Bild: S-Bahn Berlin GmbH/J. Donath
06.04.2016

Berliner Fahrgäste können demnächst Zeitverluste durch Störungen im Nahverkehr dank einer Auswertung von Tweets des Kurznachrichtendienstes minimieren. Eine neue Analysesoftware soll frühzeitig Alternativen erkennen und Prognosen für künftige Ereignisse abgeben.

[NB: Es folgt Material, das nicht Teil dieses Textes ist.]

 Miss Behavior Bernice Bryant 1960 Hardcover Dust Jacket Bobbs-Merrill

Forscher des Potsdamer Hasso-Plattner-Instituts (HPI) haben eine neue Analysesoftware entwickelt, die S-Bahn-Fahrten smart machen soll. Durch blitzschnelle Auswertungen von Einträgen im Kurznachrichtendienst Twitter zeigen die Forscher, wie sich künftig Millionen von Nahverkehrs-Kunden auf Unregelmäßigkeiten besser einstellen können. Gemeinsam mit der S-Bahn Berlin arbeitet das HPI daran, auftretende Beeinträchtigungen in Echtzeit zu analysieren. So kann beispielsweise erkannt werden, welche Verkehrsereignisse zu welcher Zeit an bestimmten Orten gehäuft auftreten. Es können zugleich Meldungen darüber erstellt werden, um frühzeitig reagieren zu können.

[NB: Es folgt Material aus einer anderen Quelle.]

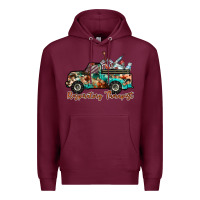 Burgundy respiratory therapist truck Premium Hoodie - RacoonDesign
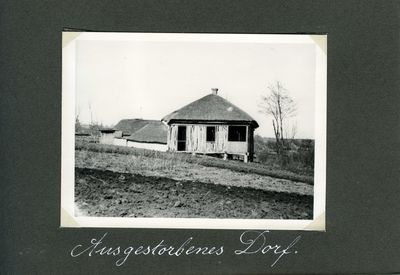 Empty house in a Ukrainian village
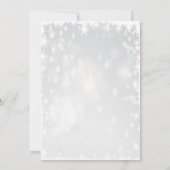 Invitation d'échange d'ornement de Noël (Dos)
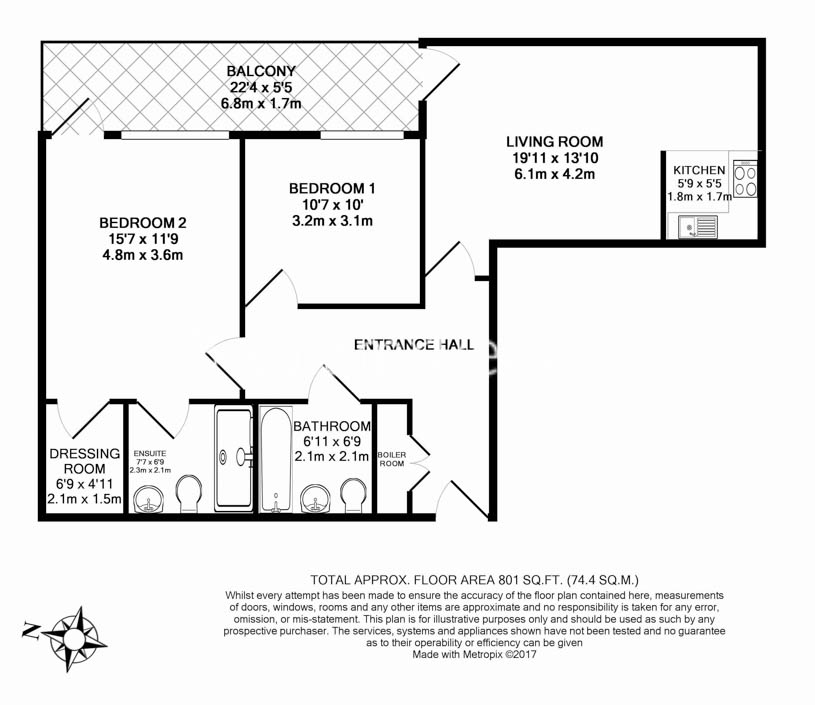 2  bedrooms flat to rent in Forge Square, Canary Wharf, E14-Floorplan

Herausforderung für die Informatiker am HPI ist die sofortige Analyse der unstrukturierten Texte, deren Kombination mit historischen Daten, sowie deren interaktive Exploration. Erste Erkenntnisse aus der Analyse zehntausender Tweets der Berliner S-Bahn seit Mitte 2013 ergaben bisher: Gut die Hälfte gibt Hinweise auf Ereignisse im Betriebsablauf. Meistens handelt es sich um Ausfälle oder Verspätungen von Zügen. Am häufigsten genannter Grund ist der „Polizeieinsatz“, gefolgt von „Notarzteinsatz“.

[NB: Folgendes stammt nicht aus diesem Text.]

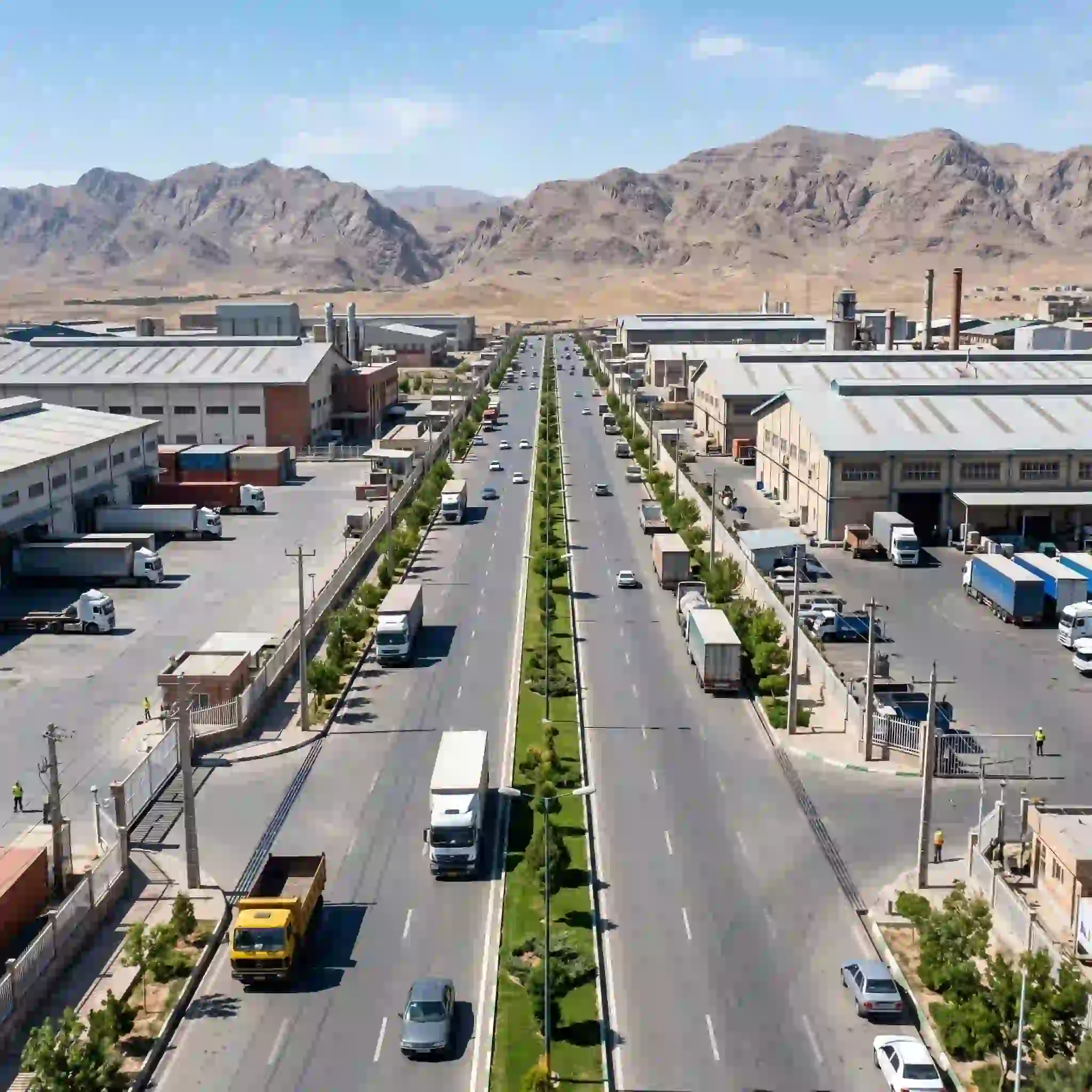 پوشش خدمات صنعتی کاوش در شهرک صعنتی توس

„Für Verkehrsunternehmen sind solche Auswertungen wichtig, bedeuten heutzutage jedoch sehr hohen Aufwand bei der Datenanalyse“, sagt HPI-Direktor Christoph Meinel. Dank des Systems könne künftig sowohl schon bei der Verkehrsplanung als auch im laufenden Betrieb besser auf Engpässe und Unregelmäßigkeiten und deren Auswirkungen reagiert werden. Einen besonderen Vorteil erhoffen sich Wissenschaftler und Praktiker von der Möglichkeit, aus vergangenen Vorkommnissen aktuelle Ereignisse besser einschätzen zu können.

„Ziel ist es, frühzeitig Alternativen zu erkennen, wenn plötzliche Störungen im Ablauf des öffentlichen Nahverkehrs Reisepläne aus dem Takt zu bringen drohen“, erläutert HPI-Projektleiter Matthieu-P. Schapranow. Er setzt zur permanenten Analyse von Tweets über aktuelle Betriebsstörungen die mit seinem Team erforschte In-Memory Database Technology ein. Sie ermöglicht es unter anderem, von Menschen geschriebene Texte in computerverständliche Informationen zu übersetzen. Damit können dank paralleler Verarbeitung selbst riesige Datenmengen in blitzschnell analysiert und ausgewertet werden.

Route mit geringstem Zeitverlust wählen

„Aus den Twitter-Kurznachrichten der S-Bahn extrahieren wir so zum Beispiel Informationen über betroffene Linien, Bahnhöfe oder Gründe, verknüpfen diese und errechnen in Echtzeit Prognosen für künftige Ereignisse“, erklärt Schapranow. Die HPI-Software könne jederzeit in Live-Statistiken anzeigen, was die häufigsten Arten von Vorfällen sind und zu welchen Tageszeiten welche Ereignisse für welche Linien besonders oft gemeldet werden. Nutzt ein Anwender die Informationen, welche die S-Bahn Berlin den Kunden bereitstellen will, kann er sich angesichts der jeweiligen Situation auf die Wahl der Route und des Verkehrsmittels einstellen, um mit möglichst geringem Zeitverlust ans Ziel zu kommen. „Fahrgäste, denen mehrere Routen zur Wahl stehen, können künftig diejenige wählen, für die die geringste Wahrscheinlichkeit für störende Ereignisse prognostiziert wurde“, sagt Schapranow.

Die HPI-Wissenschaftler, deren Institut in unmittelbarer Nähe des S-Bahnhofs Griebnitzsee auf der Strecke Berlin-Potsdam liegt, brachten ihrer Softwareanwendung bei, selbst verschiedene Deklinationsformen, Abkürzungen und Umlautschreibweisen von Stichwörtern zu erkennen. Mit der sogenannten „fuzzy search“ oder unscharfen Suche werfen selbst Rechtschreibfehler in Tweets die clevere Potsdamer Analyse-Software nicht aus der Bahn. Diese Methode vergleicht zwei Wörter buchstabenweise, berechnet einen Ähnlichkeitswert und beurteilt danach, wie wahrscheinlich die Übereinstimmung mit einem relevanten Stichwort ist.